Crescimento da direita
Na análise de Soller, “O crescimento da direita se dá principalmente por questões afirmativas. O nacionalismo, a reação às mudanças vistas na sociedade que afetam o status quo religioso (como as pautas identitárias) e problemas econômicos.” Ele comenta que “nos EUA, a maior mudança não foi um crescimento da direita, mas sim um crescimento da esquerda progressista, que gerou um contraponto mais radical à direita, iniciado pelo Tea Party Republicano.”
O historiador Ygor vê o crescimento da direita como um resultado direto das falhas da própria democracia liberal e argumenta que “os governos de esquerda têm fracassado na tarefa de oferecer saídas. Para aqueles que se colocam nesse campo, é urgente olhar para essas falhas e fazer surgir algo novo a partir daí.”
Para o cientista político Helso Ribeiro, o crescimento da direita é “fruto de uma visão que está sendo desenvolvida contra estrangeiros.” Helso explica que vê um crescimento se desenvolvendo dentro de um “binômio de emprego e a questão da migração mundo afora, algo que afeta bastante os países desenvolvidos,” criando um sentimento de nacionalismo exacerbado.
Trump risco para democracia?
Bruno Soller, estrategista eleitoral, não acredita que a vitória de Donald Trump represente um risco à democracia americana.
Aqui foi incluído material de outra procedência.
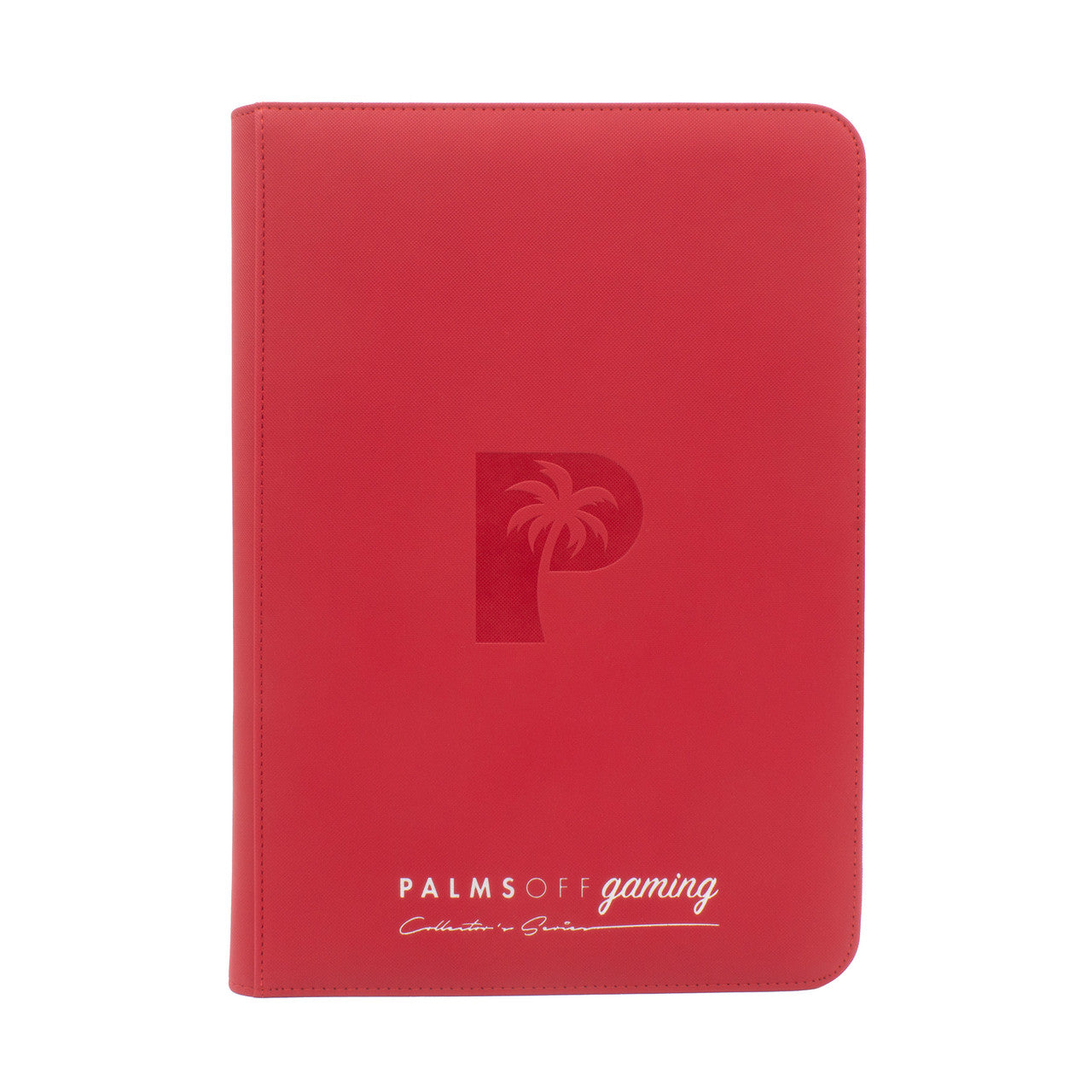 Collector's Series TOP LOADER Zip Binder Red - CLEAR (216 Capacity)-1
Segundo ele, “a democracia é um bem dos Estados Unidos. Trump já foi presidente, perdeu e as instituições garantiram a continuidade da ordem e da democracia. Os EUA já passaram por atentados que vitimaram presidentes, processos de impeachment e outras tantas coisas, mas mesmo assim, tudo seguiu adiante. A volta de Trump seria só mais uma página nesse imenso livro.”
Helso Ribeiro compartilha uma visão semelhante. Ele afirma: “Eu não vejo na vitória de Donald Trump um risco à democracia. Eu lastimei quando ele perdeu as eleições, aquele tumulto que fizeram, e estão pagando, estão respondendo por isso, aquilo que fizeram, invadindo o Capitólio. Eu achei lastimável o ex-presidente Trump não ter passado a faixa para Joseph Biden. Mas eu diria que é algo pontual, tá? Então, eu não vejo a vitória de Donald Trump, um megaempresário com uma visão de liberalismo mais forte, como uma ameaça à democracia. Caso ele vença, a gente está tratando de especulações. Com um viés forte de relações de integração, os Estados Unidos é o país que mais tem relações mundo afora e ele vai permanecer com isso, que é interessante para os Estados Unidos.”
Ambos os especialistas ressaltam a resiliência das instituições americanas e acreditam que, mesmo com o retorno de Trump, a democracia nos Estados Unidos permanecerá robusta e funcional.